Singer Justin Rice and guitarist Christian Rudder form the core of Bishop Allen, a pop rock band named for Bishop Allen Drive, the street the guys lived on in Cambridge, Massachusetts after college. Rice and Rudder now call Brooklyn home and with a revolving contingent of touring and studio musicians, Bishop Allen are now releasing their second album, The Broken String. It's full of warm pop rock and top notch songwriting by Rice and Rudder. These two paint such vivid pictures with their words that you're sure to have mini-movie playing in your mind as you listen and get to know the places and characters they sing about.

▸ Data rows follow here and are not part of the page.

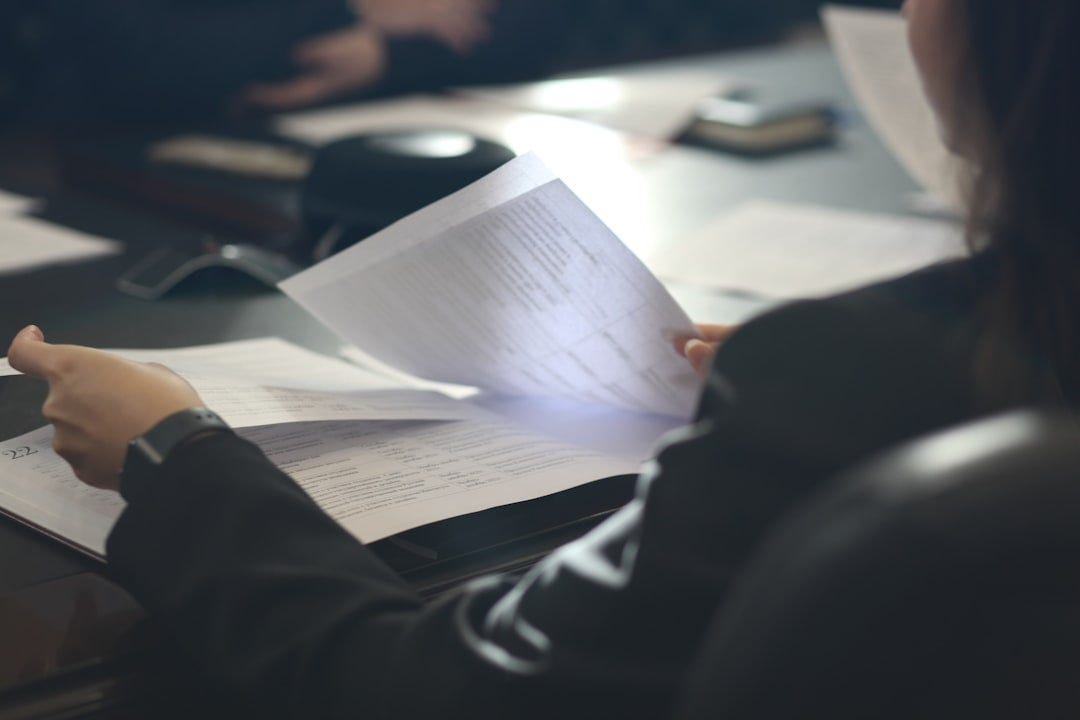 a woman sitting at a table reading a paper a woman sitting at a table reading a paper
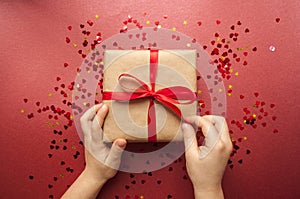 Gift box tied with red ribbon on pastel pink background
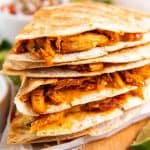 stack of chicken quesadillas on wooden board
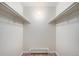 Walk-in closet featuring shelving and hardwood floors at 10150 E Virginia Ave # 7-304, Denver, CO 80247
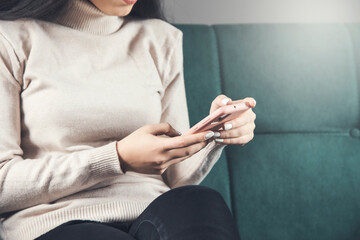 woman using smartphone sitting on sofa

One of Bishop Allen's most vivid ride comes via a song called "The Chinatown Bus". Like Simon and Garfunkel used to do so wonderfully in their traveling tunes like "America" and "Homeward Bound", Bishop Allen's song details the wonders of watching the "world from inside" and being a stranger in a strange place as they describe the sights and sounds of such far flung places as Shanghai and Tokyo. They get exotic again on the latin-flavored "Like Castanets". It's like a warm island breeze buffeted by layer upon layer of warm romantic sounds you might expect to hear squeaking from your grandparents vinyl. Bishop Allen, though, add just enough bright musical flourishes to keep the song rooted in the here and now.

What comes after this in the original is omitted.